General Relativity. Can the strength of gravity reduce for dense masses?
New discussion
Is there anything in Einstein’s Field Equations that allows the strength of gravity to reduce for regions of high mass/radius ratio? It could be desirable for two reasons.
Reason 1) From Newtonian considerations. The flatness problem is equivalent to (for each mass m).
mc^2-GMm/R=0 (1)
G=Rc^2/M (2)
Where M and R represent the mass and radius of the rest of the universe up to the Hubble radius. Small numerical constants omitted for simplicity.
For a larger mass, with the self-potential energy term included
mc^2-GMm/R-(Gm^2)/r=0 (3)
r is the radius of mass m , leading to
G_reduced = c^2/(M/R+m/r) = G/(1+Gm/(rc^2 )) (4)

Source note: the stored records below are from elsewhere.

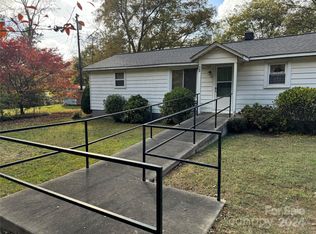 560 Harris Rd, Salisbury, NC 28147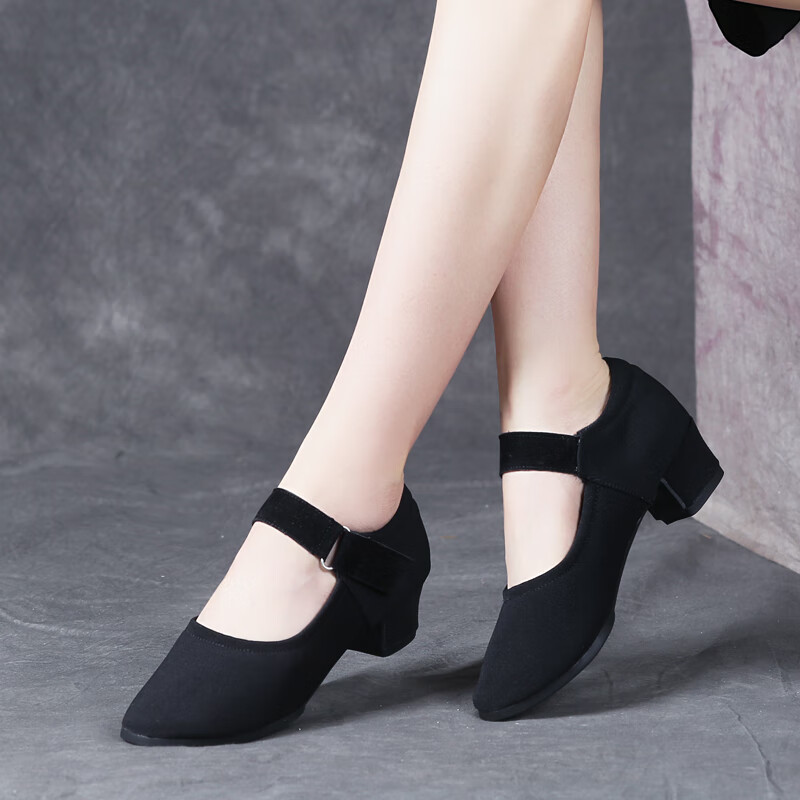 帕致舞蹈鞋 女广场舞女软底教师鞋形体训练鞋广场舞女鞋拉丁舞鞋 黑色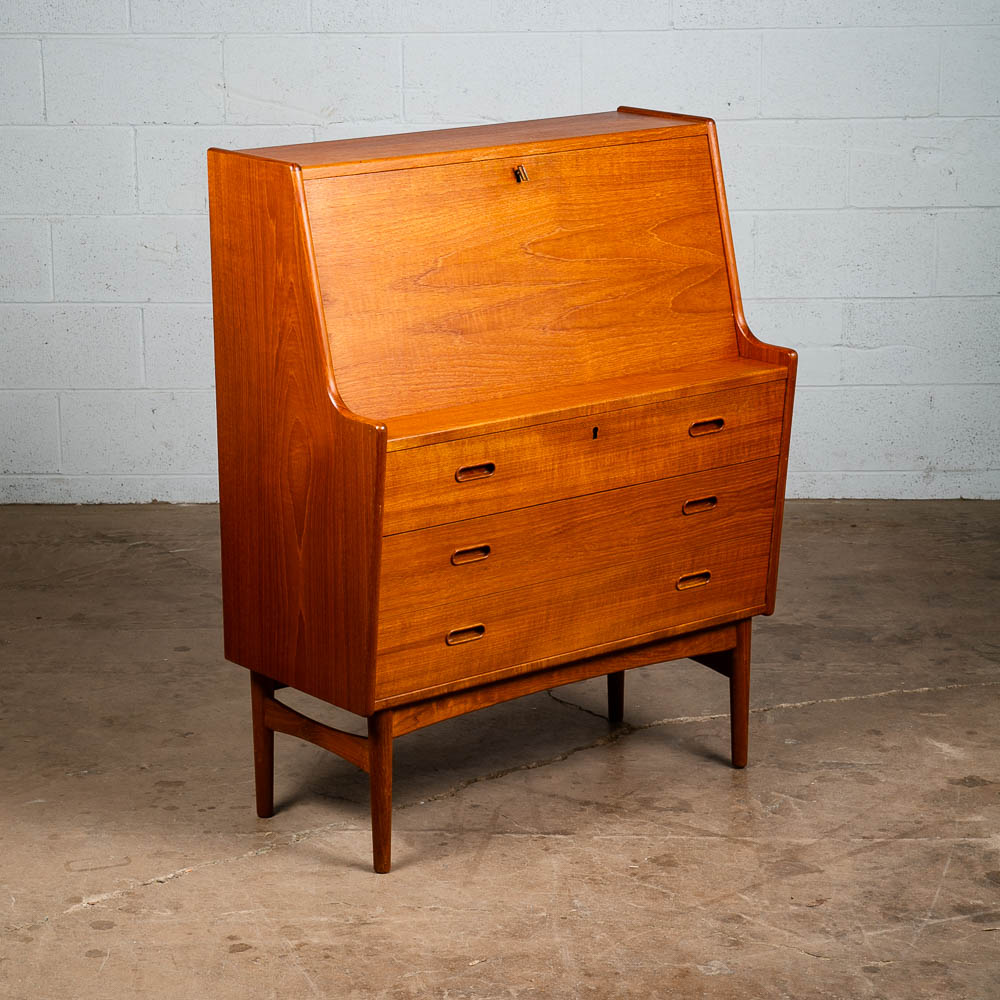 Mid Century Danish Modern Secretary Desk Bureau Teak Arne Wahl Iversen # 37 M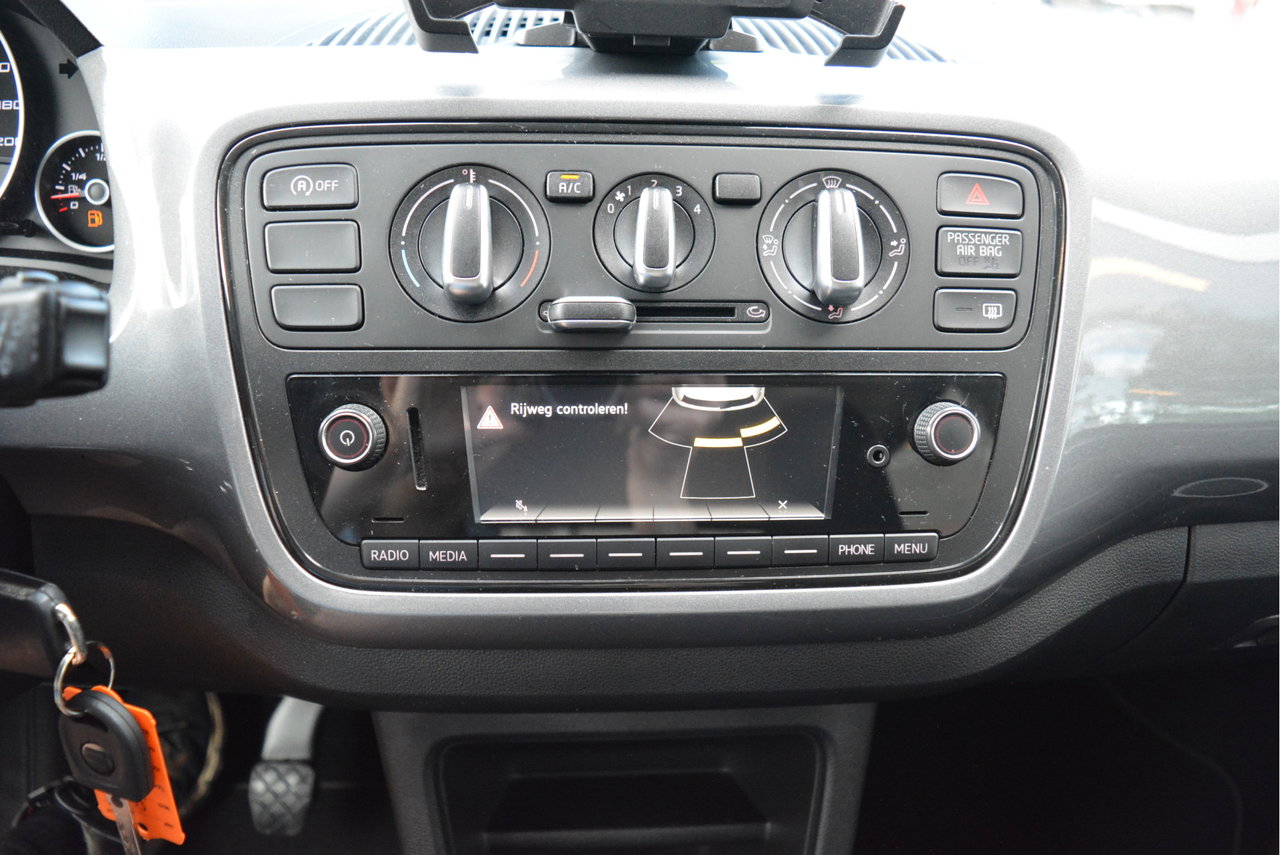 SEAT Mii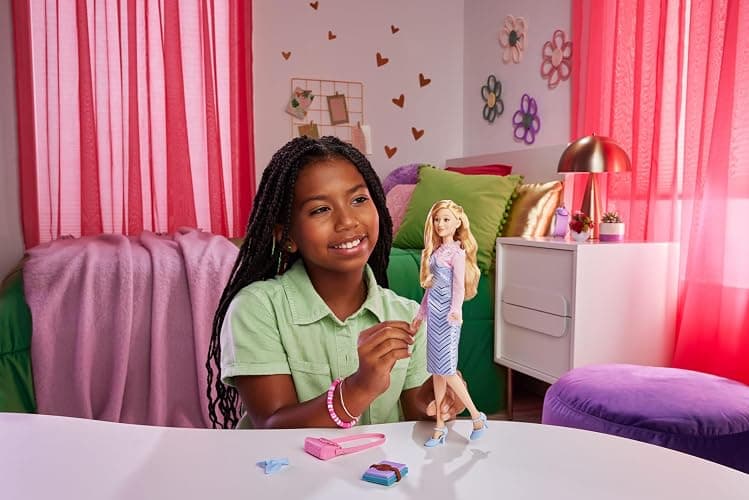 Mattel Universal Wicked Glinda Fashion Doll & Accessories with Styled Blonde Hair, Posability & Removable School Uniform Look thumbnail 2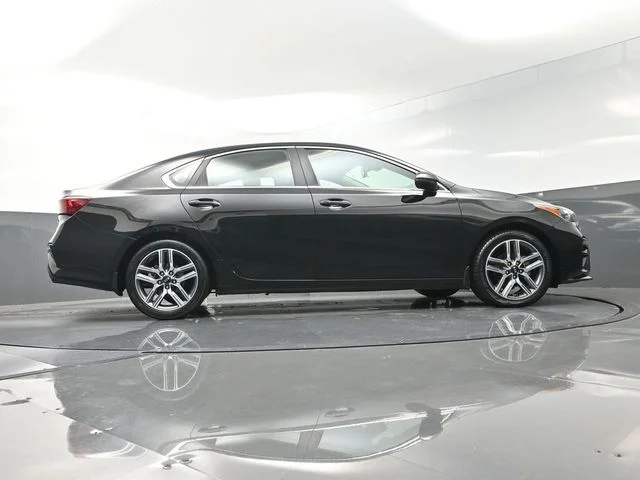 Used 2021 Black Kia EX image 50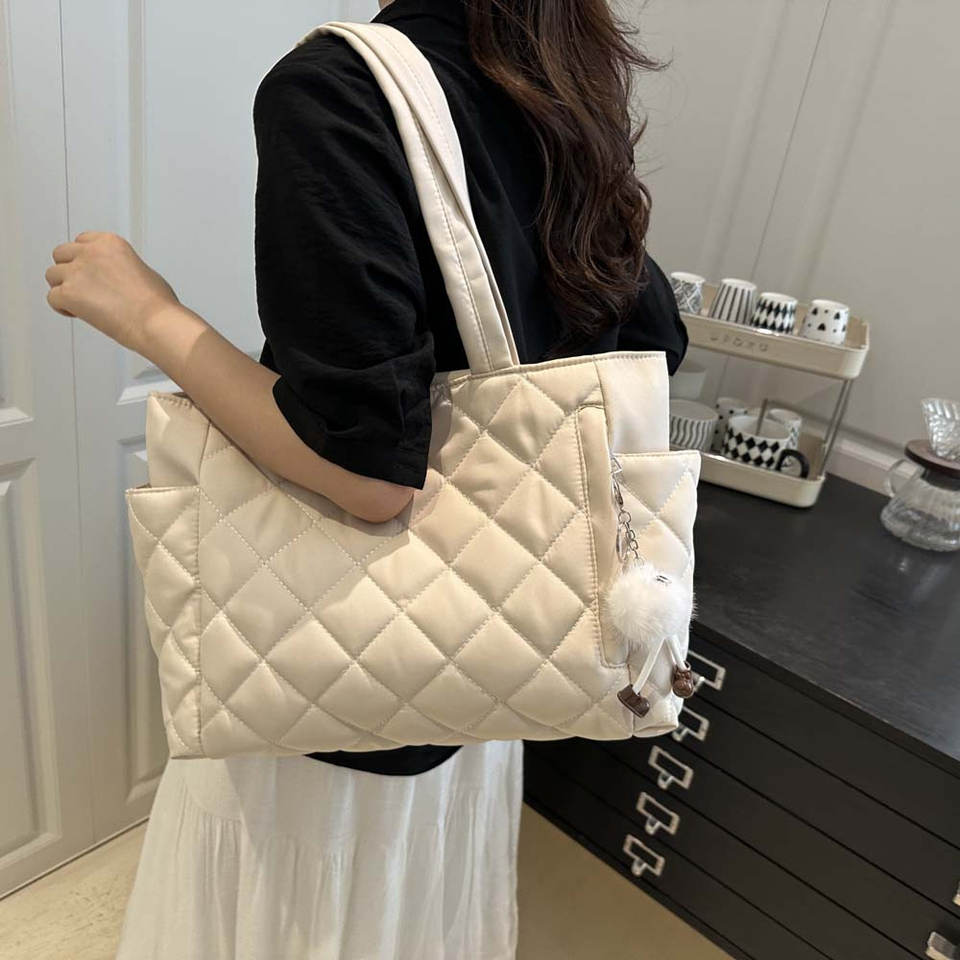 Quilted tote bag side view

i.e. a reduction in G for masses of high m/r ratio, approaching c^2/G
Reason 2)
It would allow bounces or explosions form galactic centres and avoid a situation of infinite density and pressure. It could account for the ‘foam’ like large scale structure.
It's part of a new cosmology
https://www.researchgate.net/publication/342040580_A_New_Solution_of_the_Friedman_Equations
that predicts an apparent omega(m) of between 0.25 and 0.333 and matches supernovae data without a cosmological constant.